Эти указания, конечно, вполне применимы и у нас. Можно добавить, что в подобных случаях допустимы мимоходом и наводящие вопросы, если их разрешает председатель. Представим себе двух лжесвидетелей в таком же положении, как изображено выше. Доведите свидетеля до непринужденной, пожалуй, дружеской беседы с вами и спросите:
– Ну что ж? Немножко закусывали при разговоре?
– Как же, закусывали, – почти всегда ответит свидетель.
– А что кушали?
– То и то.
– Немножко и водки было?
Вероятно, окажется и водка. Дальше будет легко спрашивать: откуда была водка? кто принес? где купили? кто подавал? сколько выпили? сколько заплатили? и т. д. Приведите и другого собеседника в столь же благодушное состояние и спросите:
– Что ж? Разговор без всякого угощения был или самовар поставили?
Или свидетель запнется, или на столе окажется самовар.
– А не было ли водки?
Этот вопрос надо задать таким тоном, по указанному выше общему правилу, чтобы свидетелю показалось, что водка для защитника нужна. Тогда ответ будет:
– Водки не было.
Если ответ будет более удачный (для свидетеля), те же вопросы о том, кто пришел? откуда? и проч. наверное приведут к противоречию между свидетелями. Не следует только начинать вопросов со слов: «Не помните ли, свидетель?», как принято у нас. Свидетель, разумеется, говорит: «Не помню». В книге Гарриса подробно разобран и тот случай, когда вымышленное обстоятельство вплетено по уговору свидетелей в ряд действительных событий.

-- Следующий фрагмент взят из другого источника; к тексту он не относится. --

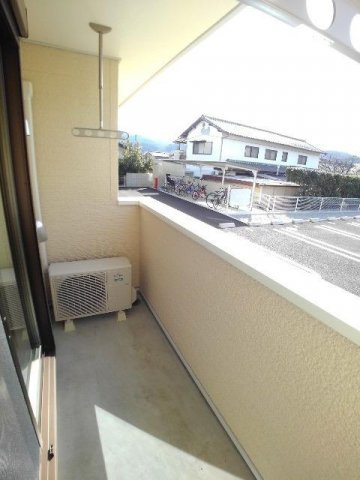 モンテルシールⅡＢのバルコニー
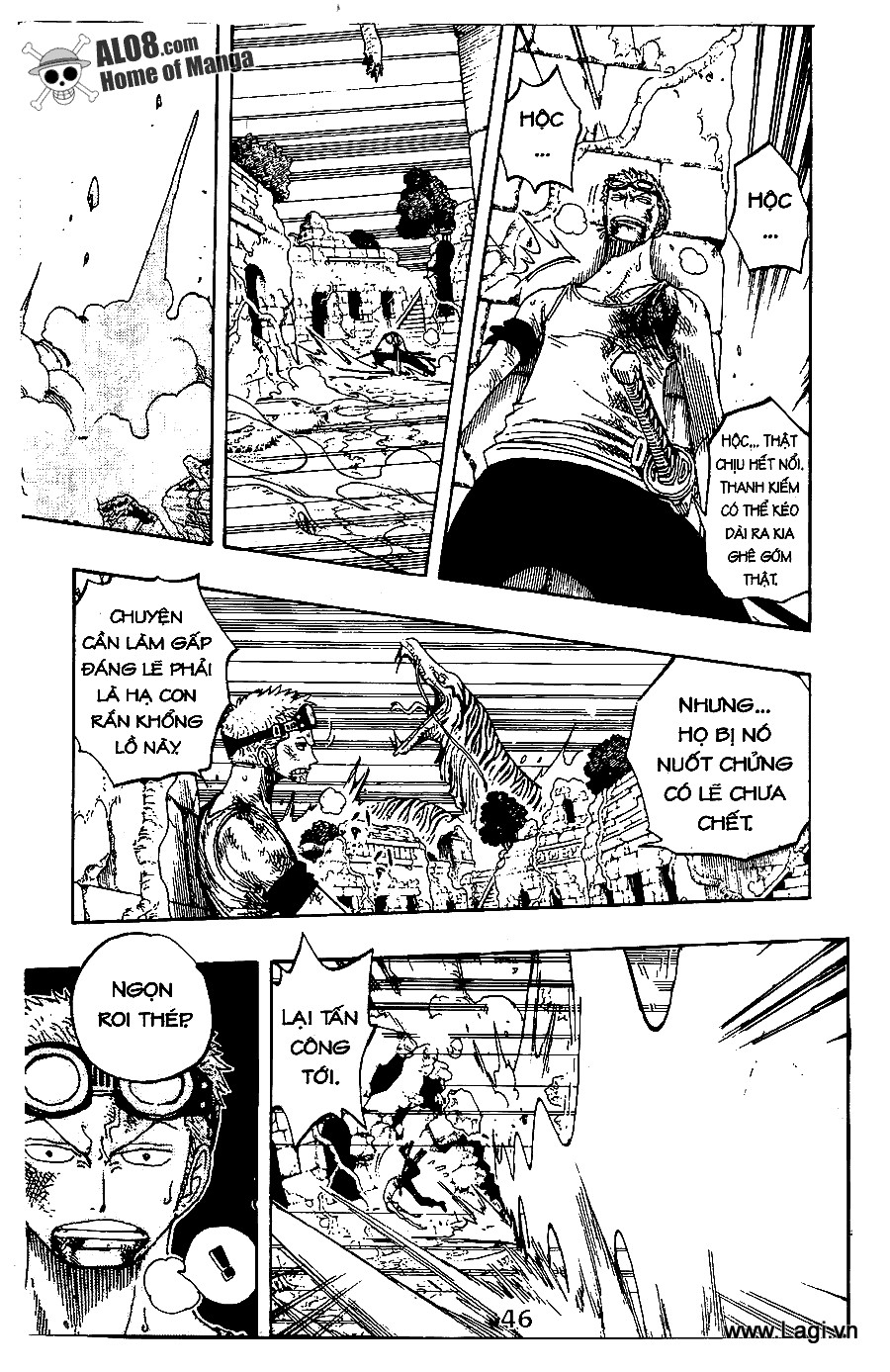 One Piece Chapter 271 - Trang 2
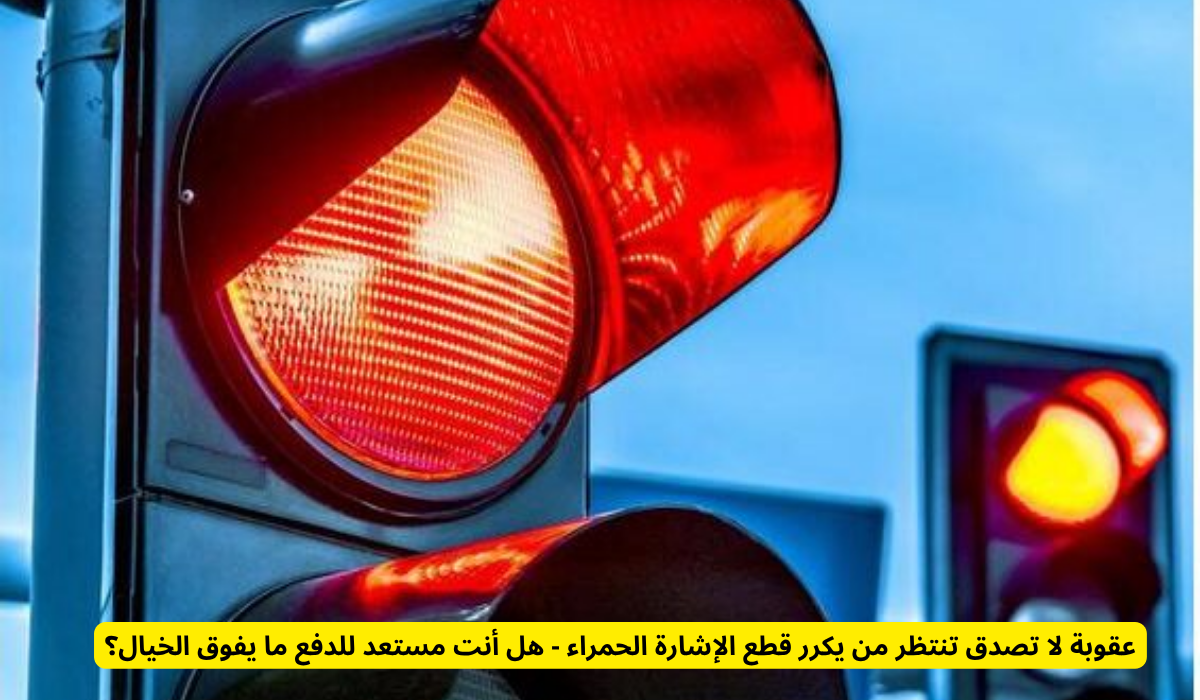 مخالفة المرور السعودية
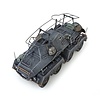 Sd.Kfz 263 8-Rad Funkwagen, grey, 1:87 resin ready made, painted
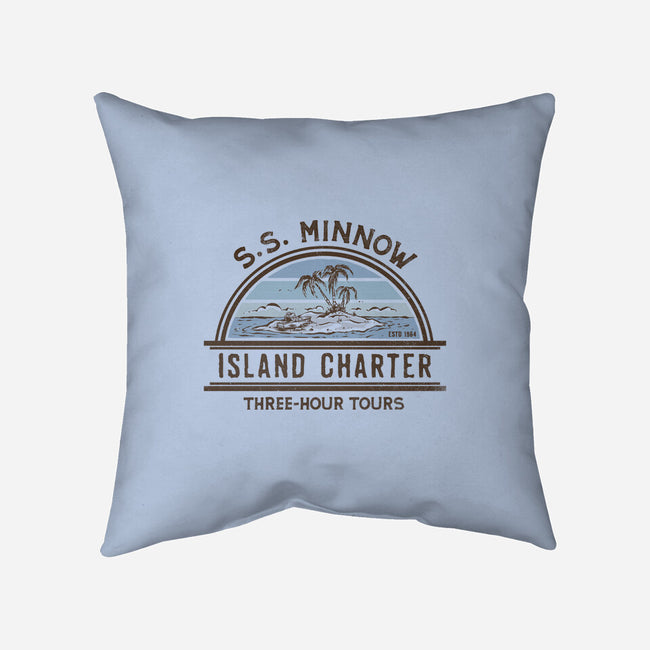 Three-Hour Tours-None-Removable Cover-Throw Pillow-kg07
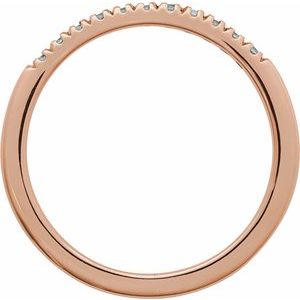 Birthstone Stackable Ring - Image 2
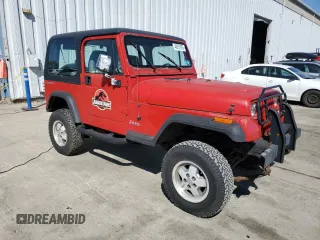 1994 Jeep Wrangler S with VIN 1J4FY19P1RP473249, listed as a Copart auction lot 48751975 with 102,666 mi miles and Clean Title. Bid and sale history available at carsss.com. Image 4.
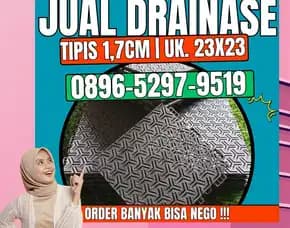 896-5297-9519 (Bu Diana) Penjual Drainage Cell Manokwari Prafi - Barokah Grass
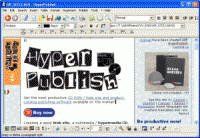 Hyper Publish Italiano 2011.26.162 screenshot. Click to enlarge!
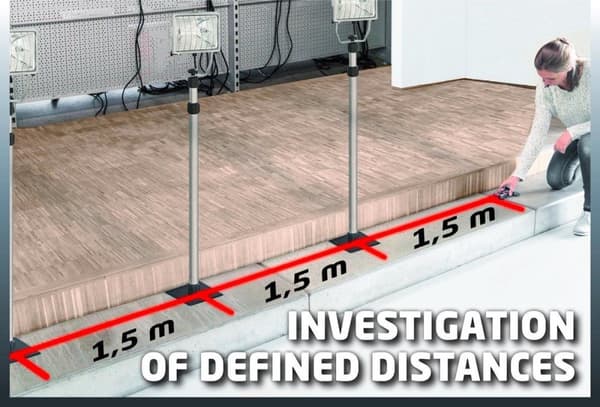 EINHELL TC-LD 50 Avståndsmätare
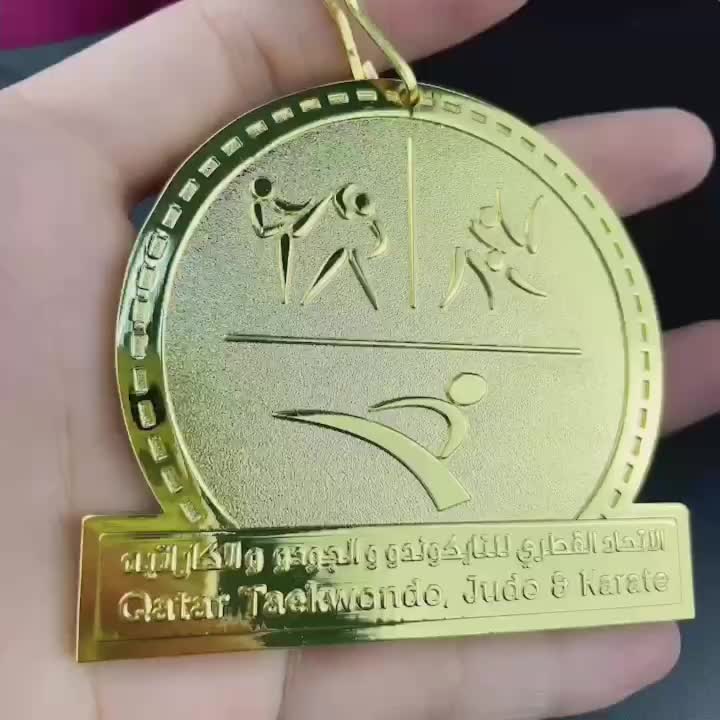 médaille de sport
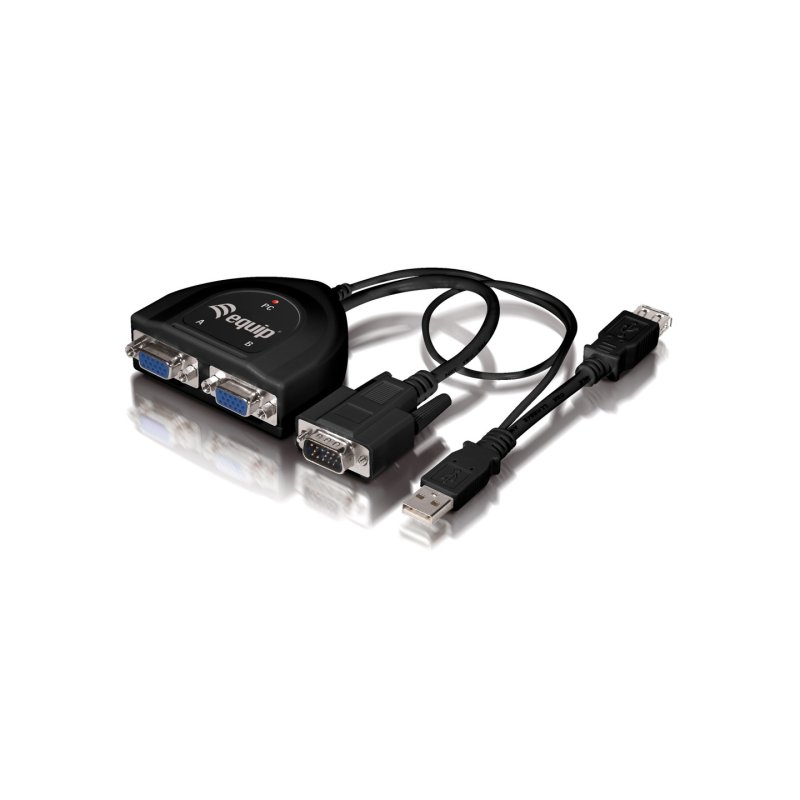 Equip VGA-Splitter 2-Fach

Общие указания, сделанные мной относительно допроса свидетелей, применимы и к экспертам. Но с недобросовестным экспертом труднее бороться, чем с недобросовестным свидетелем. Даже будучи очень невежественным человеком, он в большинстве случаев знает больше, чем мы, а звание сведущего лица и общественное положение придают его словам внушительность, хотя бы ее и не заслуживали его знания. Предусмотрительный защитник должен, во-первых, озаботиться вызовом в суд со стороны подсудимого добросовестного и действительно сведущего эксперта и, во-вторых, сам по мере возможности вооружиться знанием, т.е. ознакомиться с научными основаниями выводов, составляющих предмет спора.